Metadata-Version: 2.4
Name: picocache
Version: 0.2.0
Summary: persistent decorators mirroring functools.lru_cache
Requires-Python: >=3.11
Description-Content-Type: text/markdown
License-File: LICENSE
Requires-Dist: redis>=5.2.1
Requires-Dist: sqlalchemy>=2.0.40

# PicoCache

**Persistent, datastore‑backed `lru_cache` for Python.**  
PicoCache gives you the ergonomics of `functools.lru_cache` while keeping your
cached values safe across process restarts and even across machines.  
Two back‑ends are provided out of the box:

- **SQLAlchemyCache** – persists to any RDBMS supported by
  [SQLAlchemy](https://www.sqlalchemy.org/) (SQLite, Postgres, MySQL, …).
- **RedisCache** – stores values in [Redis](https://redis.io/), perfect for
  distributed deployments.

---

## Why PicoCache?

- **Familiar API** – decorators feel _identical_ to `functools.lru_cache`.
- **Durable** – survive restarts, scale horizontally.
- **Introspectable** – `cache_info()` and `cache_clear()` just like the
  standard library.
- **Zero boilerplate** – pass a connection URL and start decorating.

---

## Installation

```bash
pip install picocache
```

---

## Quick‑start

### 1. SQL (SQLite example)

```python
from picocache import SQLAlchemyCache

# Create the decorator bound to an SQLite file
sql_cache = SQLAlchemyCache("sqlite:///cache.db")

@sql_cache(maxsize=256)        # feels just like functools.lru_cache
def fib(n: int) -> int:
    return n if n < 2 else fib(n - 1) + fib(n - 2)
```

### 2. Redis

```python
from picocache import RedisCache

redis_cache = RedisCache("redis://localhost:6379/0")

@redis_cache(maxsize=128, typed=True)
def slow_add(a: int, b: int) -> int:
    print("Executing body…")
    return a + b
```

On the second call with the same arguments, `slow_add()` returns instantly and
_“Executing body…”_ is **not** printed – the result came from Redis.

---

## API

Each decorator object is initialised with connection details and **called** with
the same signature as `functools.lru_cache`:

```python
SQLAlchemyCache(url_or_engine, *, key_serializer=None, value_serializer=None, ...)
RedisCache(url_or_params, *, key_serializer=None, value_serializer=None, ...)
```

### `__call__(maxsize=128, typed=False)`

Returns a decorator that memoises the target function.

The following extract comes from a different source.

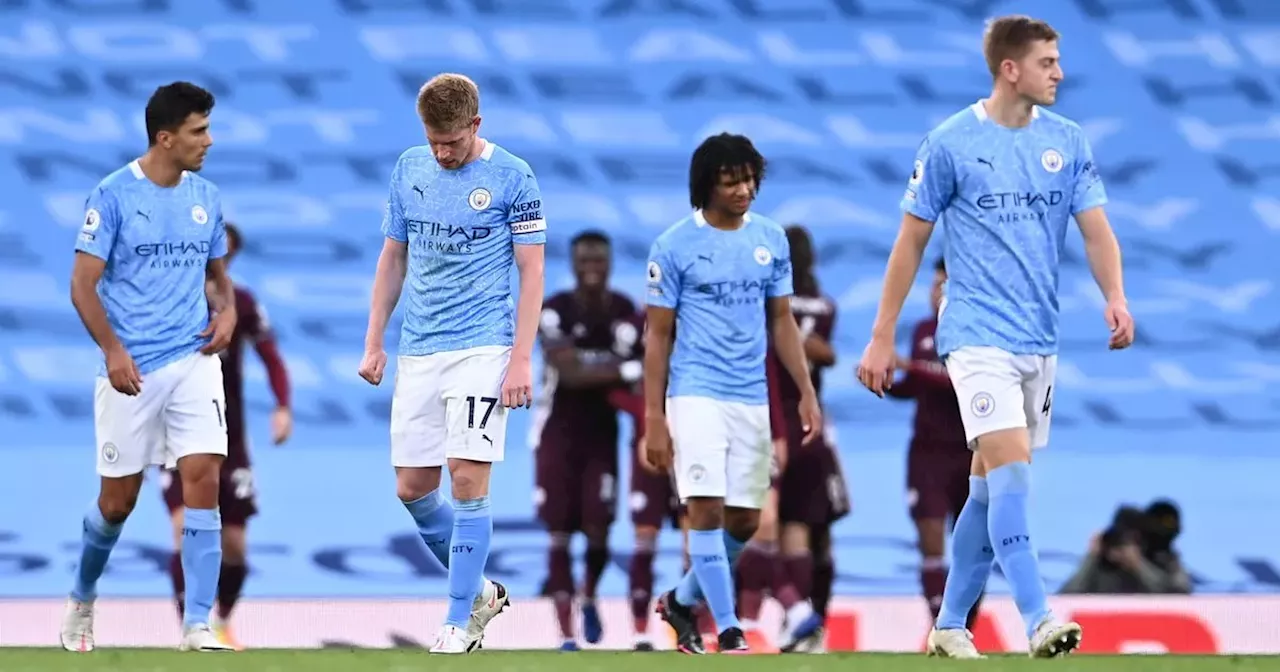 Manchester City's Recent Struggles Echo a Past Crisis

| Param     | Type         | Default | Meaning                                                            |
| --------- | ------------ | ------- | ------------------------------------------------------------------ |
| `maxsize` | `int`/`None` | `128`   | Per‑function entry limit (`None` → no limit).                      |
| `typed`   | `bool`       | `False` | Treat arguments with different types as distinct (same as stdlib). |

The wrapped function gains:

- **`.cache_info()`** → `namedtuple(hits, misses, currsize, maxsize)`
- **`.cache_clear()`** → empties the persistent store for that function.

---

## Running the tests

```bash
uv sync
just test
```

- SQL tests run against an **in‑memory** SQLite DB (no external services).
- Redis tests are skipped automatically unless a Redis server is available on
  `localhost:6379`.

---

## License

MIT – see [LICENSE](LICENSE) for details.